Some data objects may be associated with both pending business processes and closed business processes. In such a case, database management system 108 may categorize the data object as current because at least one business process associated with that data object is still pending (or alternatively, may database management system 108 may categorize the data object as aged). For example, a data object that represents a particular business partner may be associated with both pending and closed invoices. In such a case, the data object may be categorized as a current data object because at least one business process associated with the data object is pending (i.e., the pending invoice). Alternatively, the data object that represents a particular business partner may be categorized based on whether that particular business partner is still a current business partner. Therefore, database management system 108 may categorize different types of data objects based on different process statuses. As such, database management system 108 may include information that defines which business process status or statuses will be used for categorizing each type of data object.

As an example of a time-based categorization, database management system 108 may categorize data objects based on the amount of time since the data object was last accessed (including, for example, read and write operations on the data object). In such a case, database management system 108 may calculate the amount of time, for example, by storing the date of the last access of data objects, then use the date of last access to calculate the amount of time since the data object was last accessed. For example, database management system 108 may categorize a data object as aged if its been more than one week since the data object was last accessed and may categorize the data object as current if its been less than one week since the data object was last accessed. As can be appreciated, any time period may be used by database management system 108.

In another example, database management system 108 may separate the data objects by client context, such as a role of the user or authentication of the session. The data objects would be indexed automatically based on this particular client context categorization. In this example, database management system 108 would generate a first index for the subset of data objects that should be presented or otherwise queried based on satisfactory client context and generate a second index for the second subset of data objects based on unsatisfactory client context. Continuing this example, database management system 108 might identify the particular client context and then determine which of the indexes to use for generation of a new instance of a received query. Say client 104 send a query for journal entries via business application 130 using the original index (or one of the original indexes) known to the business application 130. Database management system 108 may receive, determine, or otherwise identify the client context, such as the user role, authentication status, and so forth. Database management system 108 can then generate a new instance of the journal entry query suitable for the index associated with the identified client context, thereby quickly bypassing the second subset of journal entries.
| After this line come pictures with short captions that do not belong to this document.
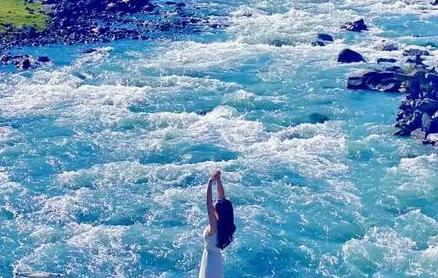 一段非常治愈的话：“睁开眼睛，还活着，就很好；闭上眼睛，能睡着，就很好；摸摸衣兜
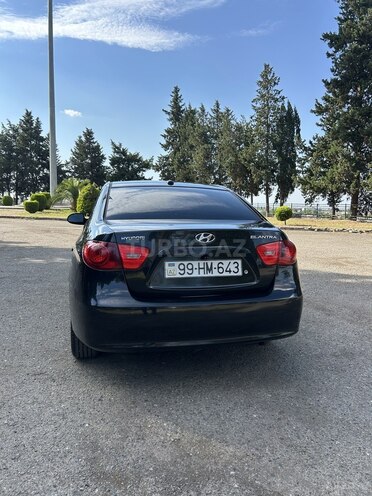 Hyundai Elantra-6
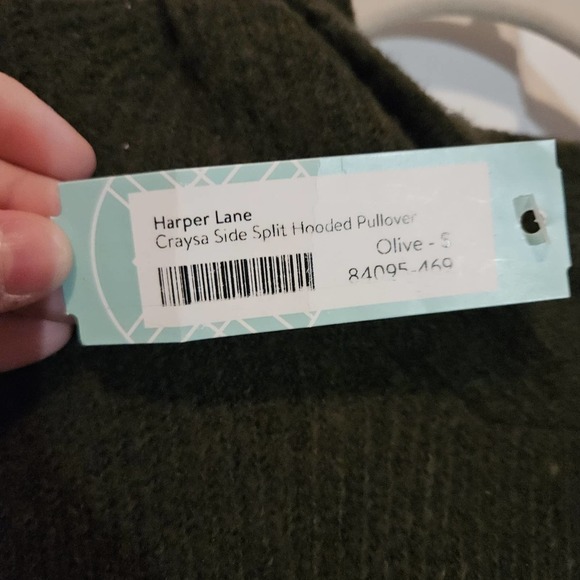 NWT Harper‎ Lane Craysa Side Split Hooded Pullover Size Small Stitch Fix - Picture 3 of 6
While the above examples illustrate two-tiered categorizations of data objects (e.g., current and aged categories), multi-tiered categorizations of data objects may also be implemented for either time-based or process status-based categorizations. As an example of a time-based multi-tiered categorization, database management system 108 may categorize data objects into three categories: data objects that have been accessed within the last week, data objects that have been accessed in the last month, and other data objects. As can be appreciated, various time-based categorizations can be implemented. As an example of a process status-based multi-tiered categorization, database management system 108 may categorize data objects into three categories: data objects that are only associated with pending business processes, data objects that are only associated with closed business processes; and data objects that are associated with both closed and pending data processes. As can be appreciated, various process status-based categorizations can be implemented, such as data objects that are associated with only one pending business process and the like. Moreover, various combinations of time-based categorizations and process-status categorizations can be implemented. For example, even if a particular business partner is no longer a current business partner, database management system 108 may not categorize that particular business partner data object as aged until a month later because clients may still query that data object frequently for a short time afterward.

At step 330, database management system 108 transfers an individual index between index categories. At intervals (which are not necessarily regular intervals) or upon initiation by a client, application, user, or the like, database management system 108 evaluates an individual index to determine if the individual index should be re-categorized. For example, in the illustrative system 100 of FIG. 1, database management system 108 may evaluate all, or some, of the individual indexes in current index 220 to determine if any are now associated with closed business process. If database management system 108 determines that an individual index in current index 220 is now associated with a closed business process, database management system 108 may transfer that individual index from current index 220 to aged index 250. Similarly, if database management system 108 determines that an individual index in aged index 250 is associated with a pending business process, database management system 108 may transfer that individual index from aged index 250 to current index 220. The evaluation of individual indexes may be scheduled at off-peak computing times and may evaluate only a portion of the indexes at a time. An application interface may be used to evaluate the individual indexes. The application interface may input the key of the data object and the type of data object and output, or return, the index category using the criteria described above at 220. If the returned index category is different than the current index category, database management system 108 re-categorizes the individual index as described above.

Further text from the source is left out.